> What is required
Output exactly the lines from the line that has "Farmhouse Table Decor" through the last line of the data below, with no pictures.

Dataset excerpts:

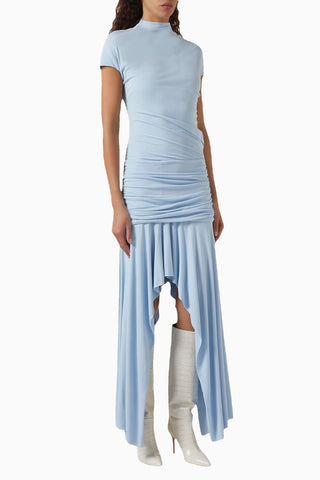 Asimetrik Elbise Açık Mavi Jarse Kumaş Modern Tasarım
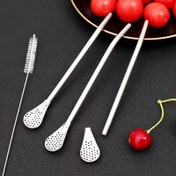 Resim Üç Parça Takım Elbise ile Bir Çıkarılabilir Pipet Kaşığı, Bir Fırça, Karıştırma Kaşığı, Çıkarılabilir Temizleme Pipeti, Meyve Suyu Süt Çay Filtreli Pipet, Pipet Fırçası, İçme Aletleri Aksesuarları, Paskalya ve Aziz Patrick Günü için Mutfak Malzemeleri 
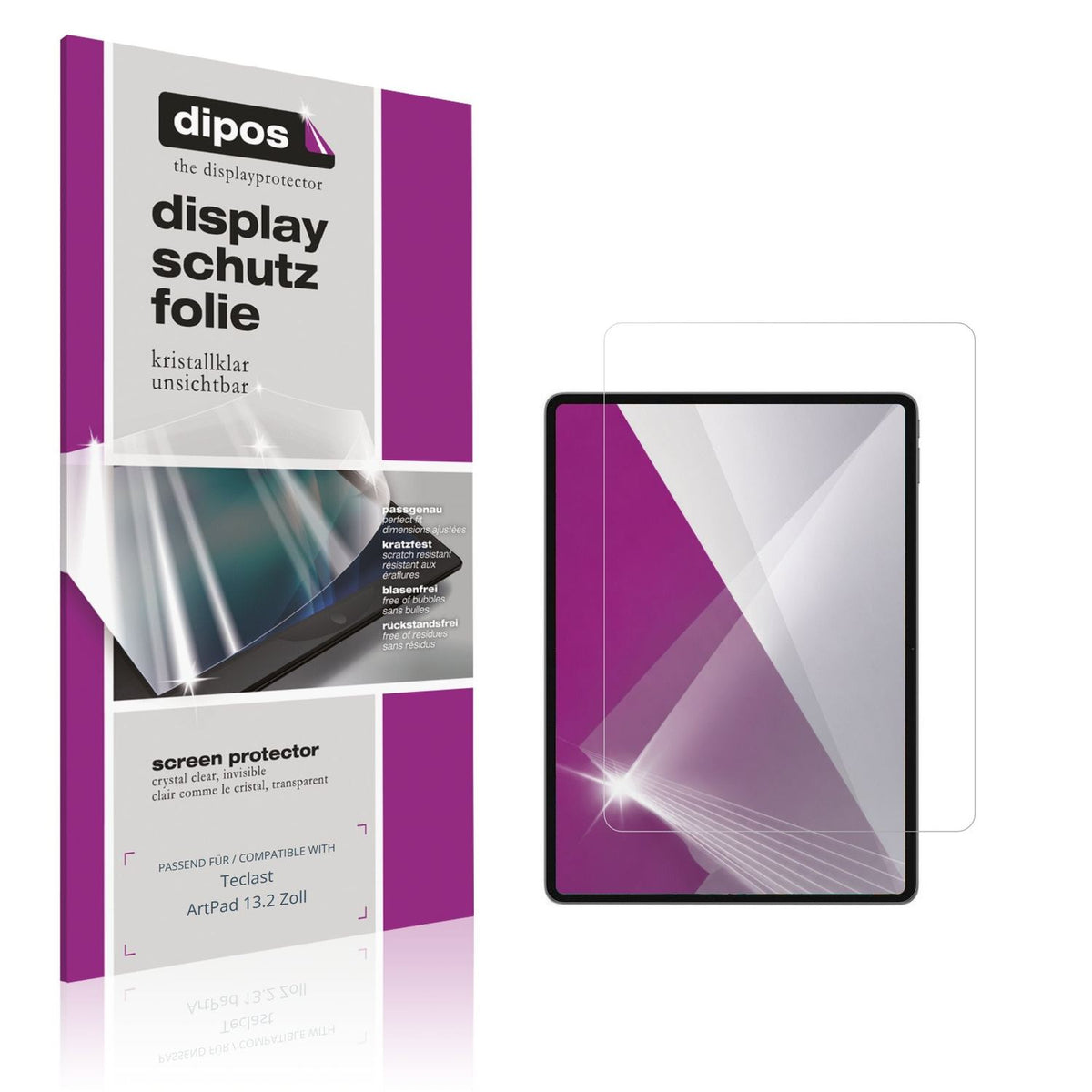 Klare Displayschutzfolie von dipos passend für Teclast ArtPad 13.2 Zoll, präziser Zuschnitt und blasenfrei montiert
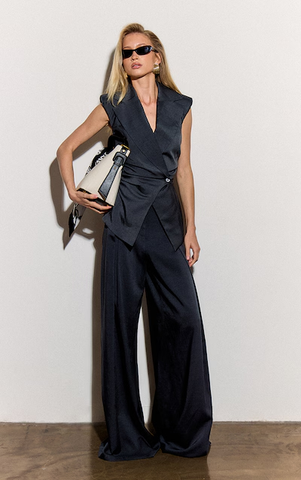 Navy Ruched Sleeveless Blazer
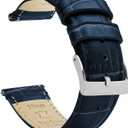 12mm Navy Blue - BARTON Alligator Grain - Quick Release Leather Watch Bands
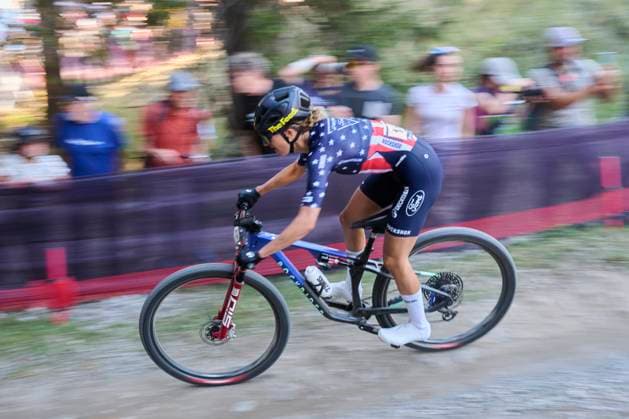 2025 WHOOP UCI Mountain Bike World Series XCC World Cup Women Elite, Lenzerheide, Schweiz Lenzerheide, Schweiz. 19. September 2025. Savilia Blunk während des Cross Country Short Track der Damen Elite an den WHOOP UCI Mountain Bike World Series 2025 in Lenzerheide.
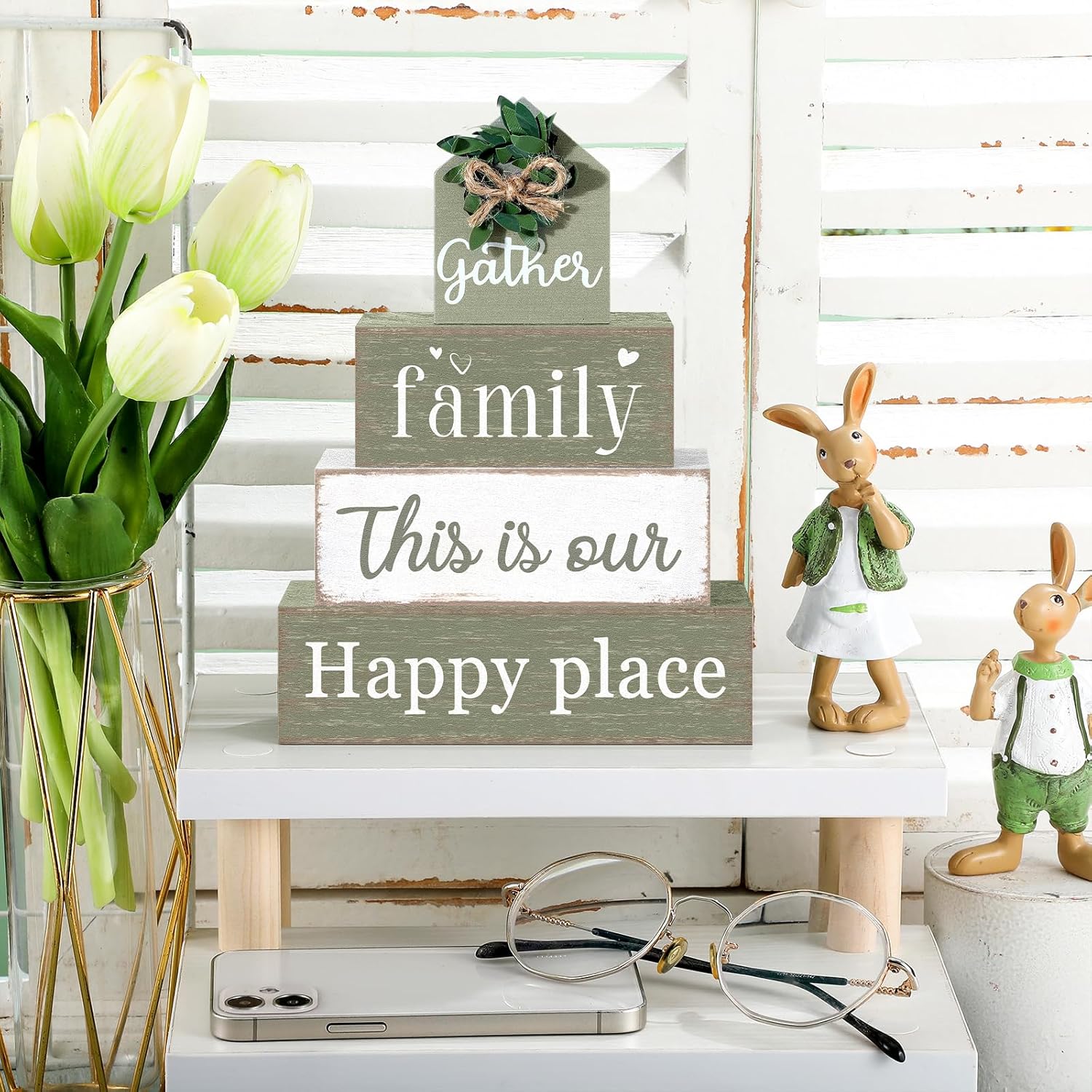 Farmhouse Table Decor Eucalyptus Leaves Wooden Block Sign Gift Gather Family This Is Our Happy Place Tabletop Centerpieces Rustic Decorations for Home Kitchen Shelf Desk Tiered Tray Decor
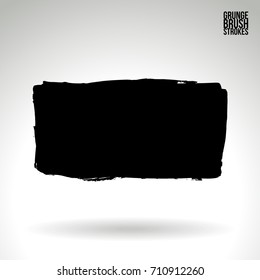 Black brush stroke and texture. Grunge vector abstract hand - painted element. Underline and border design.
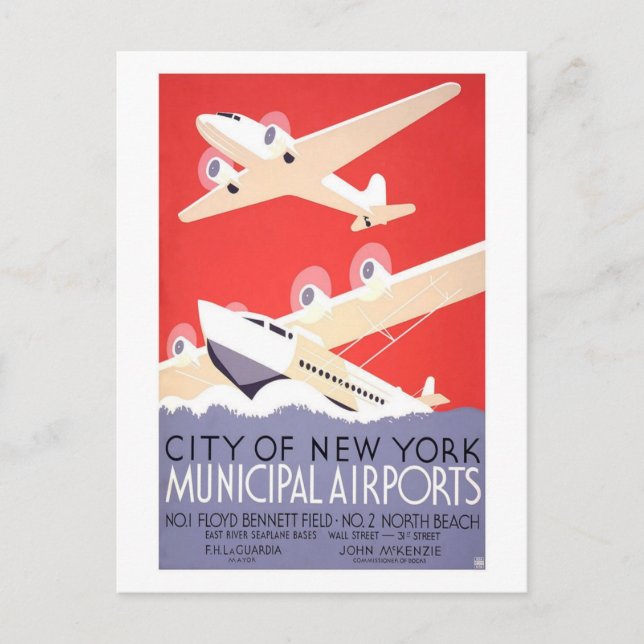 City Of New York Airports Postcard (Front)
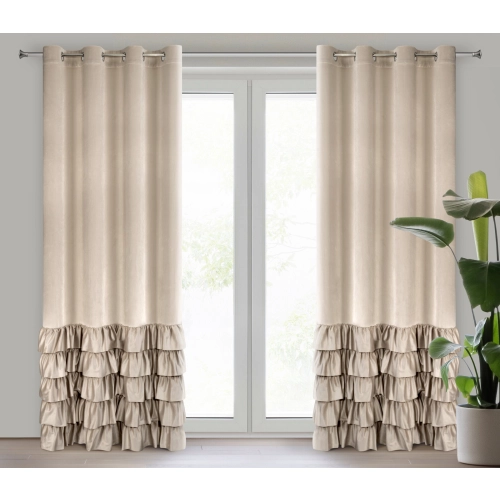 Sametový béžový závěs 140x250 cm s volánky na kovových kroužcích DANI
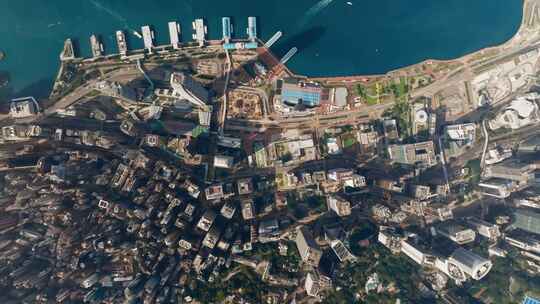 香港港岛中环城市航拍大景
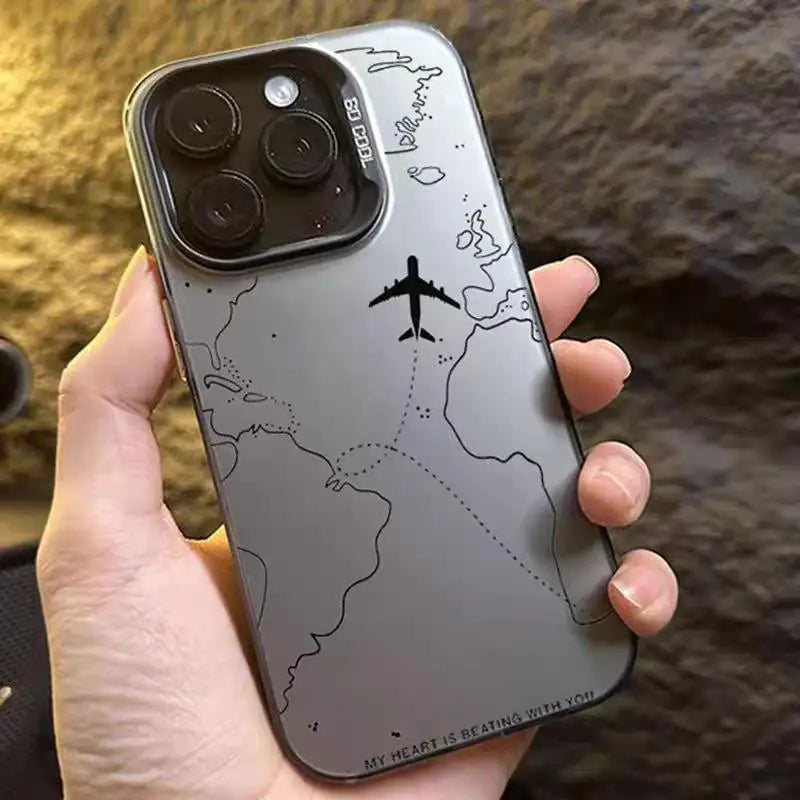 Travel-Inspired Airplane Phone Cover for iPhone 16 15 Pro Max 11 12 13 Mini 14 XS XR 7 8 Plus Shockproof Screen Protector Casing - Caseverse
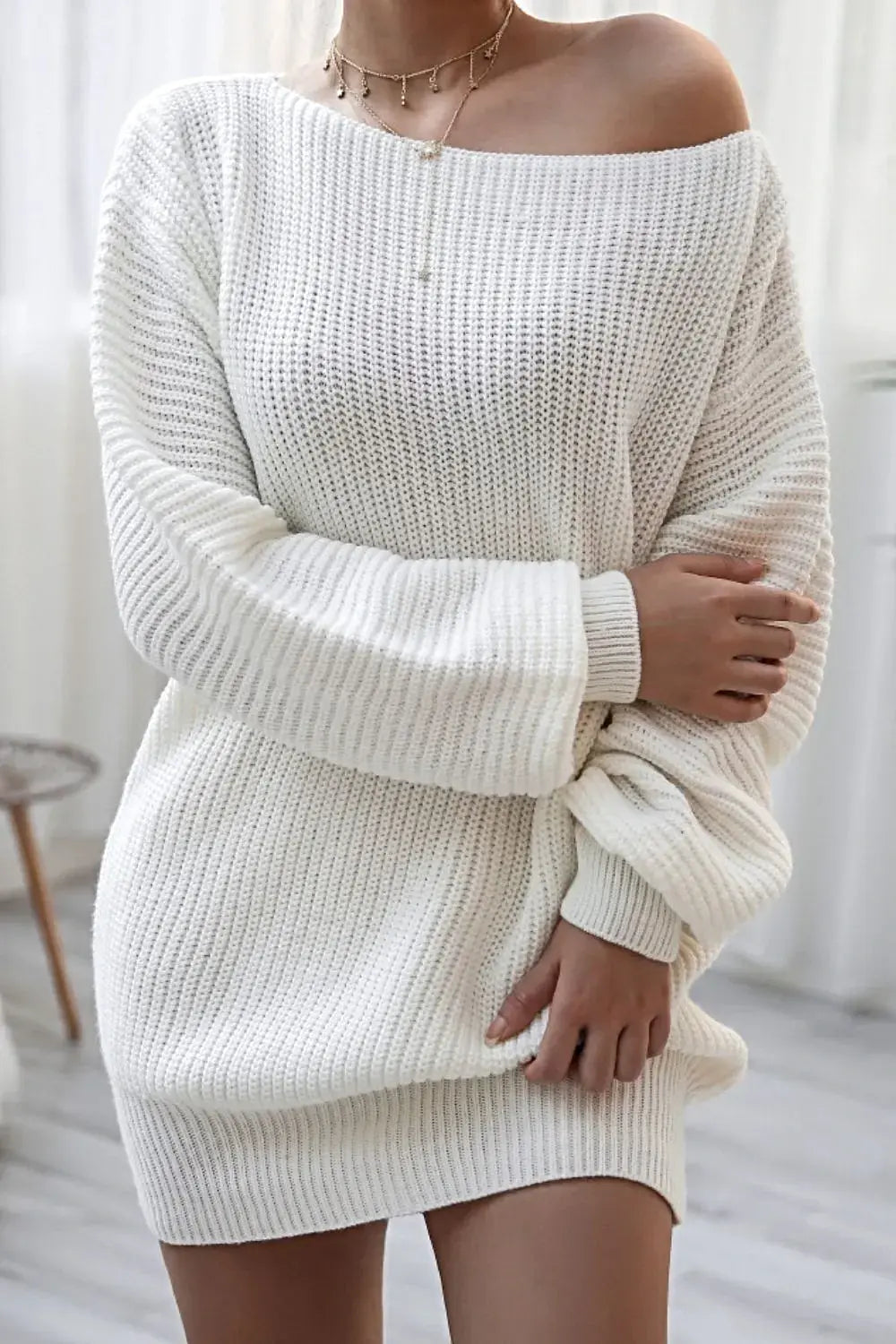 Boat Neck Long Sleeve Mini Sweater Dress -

> Completed task
 Farmhouse Table Decor Eucalyptus Leaves Wooden Block Sign Gift Gather Family This Is Our Happy Place Tabletop Centerpieces Rustic Decorations for Home Kitchen Shelf Desk Tiered Tray Decor
 Black brush stroke and texture. Grunge vector abstract hand - painted element. Underline and border design.
 City Of New York Airports Postcard (Front)
 Sametový béžový závěs 140x250 cm s volánky na kovových kroužcích DANI
 香港港岛中环城市航拍大景
 Travel-Inspired Airplane Phone Cover for iPhone 16 15 Pro Max 11 12 13 Mini 14 XS XR 7 8 Plus Shockproof Screen Protector Casing - Caseverse
 Boat Neck Long Sleeve Mini Sweater Dress -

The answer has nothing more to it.